**Task instructions**
Include no pictures. Output exactly the lines from the one that contains "529 S Prewitt St, Nevada, MO 64772" through the final line of the entries.

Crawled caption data
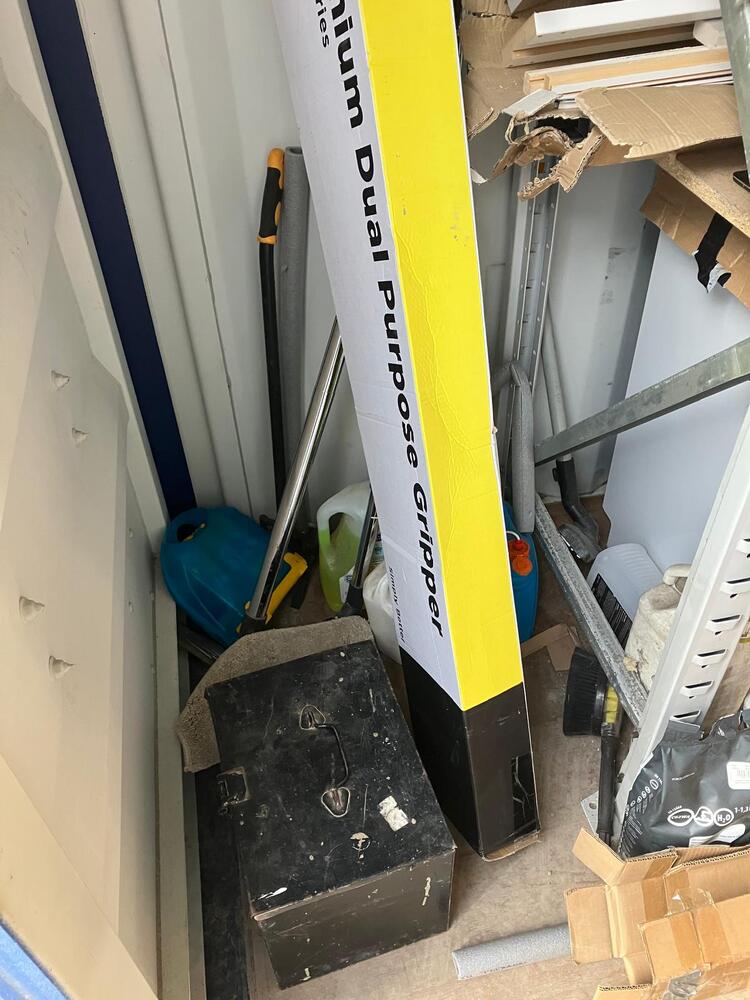 Storebox Manchester - Trafford Park Storage auction IB-3455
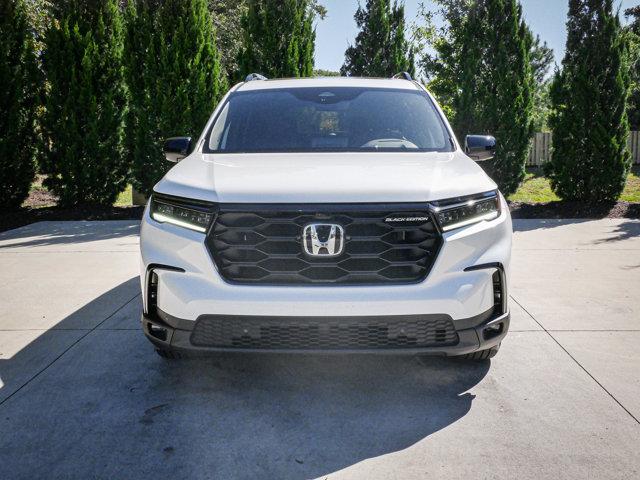 new 2025 Honda Pilot car, priced at $57,215
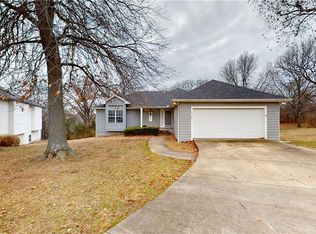 529 S Prewitt St, Nevada, MO 64772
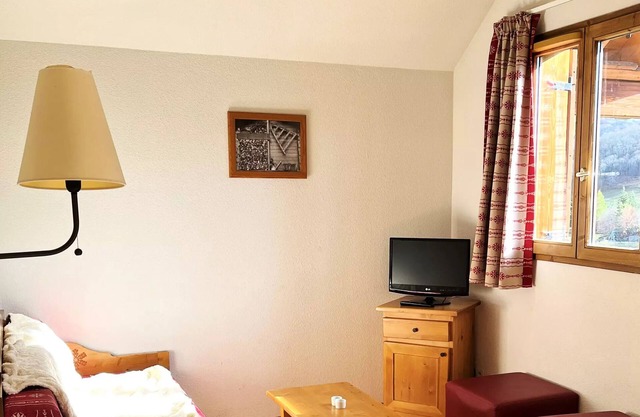 VVF Albiez-Montrond Maurienne - 3 Room Duplex Apartment for 8 People + 1 Baby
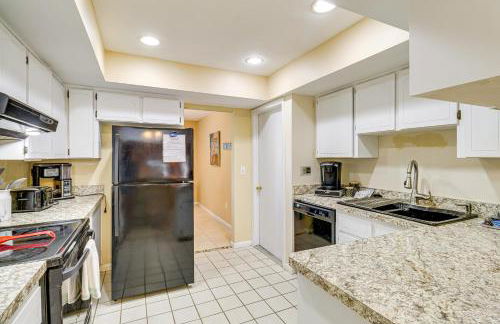 1 Mi to Dtwn Stuart Bright Home with Pool and Spa! - Photo 10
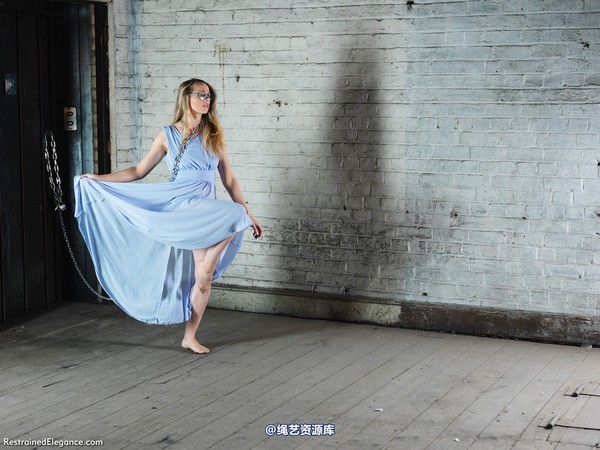 restrainedelegance - Ayla Rose Investigates 第 9 张图片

**Result**
 529 S Prewitt St, Nevada, MO 64772
 VVF Albiez-Montrond Maurienne - 3 Room Duplex Apartment for 8 People + 1 Baby
 1 Mi to Dtwn Stuart Bright Home with Pool and Spa! - Photo 10
 restrainedelegance - Ayla Rose Investigates 第 9 张图片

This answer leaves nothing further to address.